[Libvir] virDomainDestroy not synchronous?

i686 libvirt-0.1.5-3 xen-3.0.2-33 Code: domain_desc = virDomainGetXMLDesc(vdp, 0); response = virDomainDestroy(vdp); if (response == 0 && domain_desc) { /* sleep(3); */ virDomainCreateLinux(vp, domain_desc, 0); free(domain_desc); } If I add the 'sleep()', the domain dies and virDomainCreateLinux() fails with the following error: libvir: Xen Daemon error : POST operation failed: No such domain futon1 Failed to get devices for domain futon1 That really doesn't bother me, and it's likely my fault anyway (it's not a fully configured domain; it's a dom-U sitting in the anaconda install screen).
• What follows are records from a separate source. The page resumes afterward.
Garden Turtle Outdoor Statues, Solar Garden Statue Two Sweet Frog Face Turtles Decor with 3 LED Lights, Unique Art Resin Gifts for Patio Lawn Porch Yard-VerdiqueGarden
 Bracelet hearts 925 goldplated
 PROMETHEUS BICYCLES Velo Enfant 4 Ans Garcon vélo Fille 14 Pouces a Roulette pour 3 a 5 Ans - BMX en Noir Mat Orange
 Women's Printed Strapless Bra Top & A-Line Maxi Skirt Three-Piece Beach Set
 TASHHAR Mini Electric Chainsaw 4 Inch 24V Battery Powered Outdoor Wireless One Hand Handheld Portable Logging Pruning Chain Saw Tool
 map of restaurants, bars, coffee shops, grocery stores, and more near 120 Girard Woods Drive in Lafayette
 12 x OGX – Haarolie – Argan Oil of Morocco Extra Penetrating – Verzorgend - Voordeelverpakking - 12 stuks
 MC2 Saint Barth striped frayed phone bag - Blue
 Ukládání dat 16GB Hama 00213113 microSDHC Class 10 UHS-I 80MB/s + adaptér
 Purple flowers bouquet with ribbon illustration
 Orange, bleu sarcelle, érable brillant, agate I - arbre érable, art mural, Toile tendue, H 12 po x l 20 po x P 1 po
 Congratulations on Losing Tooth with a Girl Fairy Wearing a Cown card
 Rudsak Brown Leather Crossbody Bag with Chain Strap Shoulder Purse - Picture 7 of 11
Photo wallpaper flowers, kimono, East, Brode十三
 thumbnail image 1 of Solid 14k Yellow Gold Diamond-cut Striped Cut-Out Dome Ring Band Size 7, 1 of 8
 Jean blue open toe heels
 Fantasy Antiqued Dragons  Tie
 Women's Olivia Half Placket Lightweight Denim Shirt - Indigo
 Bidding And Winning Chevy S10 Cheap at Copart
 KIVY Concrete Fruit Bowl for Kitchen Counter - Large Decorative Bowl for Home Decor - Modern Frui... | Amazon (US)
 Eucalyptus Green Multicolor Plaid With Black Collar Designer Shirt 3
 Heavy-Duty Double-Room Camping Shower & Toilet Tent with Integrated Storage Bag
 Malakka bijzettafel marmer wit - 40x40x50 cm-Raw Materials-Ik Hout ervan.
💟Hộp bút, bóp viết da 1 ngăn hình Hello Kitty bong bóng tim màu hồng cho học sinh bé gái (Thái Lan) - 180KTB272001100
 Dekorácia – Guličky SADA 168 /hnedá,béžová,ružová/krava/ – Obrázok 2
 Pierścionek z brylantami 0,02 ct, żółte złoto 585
Of course, it's moot if we get a guaranteed synchronous reboot flag for virDomainReboot()... hint hint ;) What bothers me is that if I *don't* put the sleep in, the domain never actually gets destroyed. In this particular case, the domain is still sitting at the anaconda install screen; all I have to do is reconnect using xm console. If I only do a virDomainDestroy(), the domain gets destroyed. So, it looks like like the virDomainCreateLinux() cancels the destroy request before it can be completed. This makes it look like that the destroy request is not synchronous, and/or the result of the operation is not guaranteed (only that the request was made). Is it supposed to work this way, or is this a bug/problem? -- Lon

On Tue, 2006-09-26 at 18:07 -0400, Lon Hohberger wrote: xend.log -- Lon

On Tue, 2006-09-26 at 18:07 -0400, Lon Hohberger wrote:
This makes it look like that the destroy request is not synchronous, and/or the result of the operation is not guaranteed (only that the request was made). Is it supposed to work this way, or is this a bug/problem?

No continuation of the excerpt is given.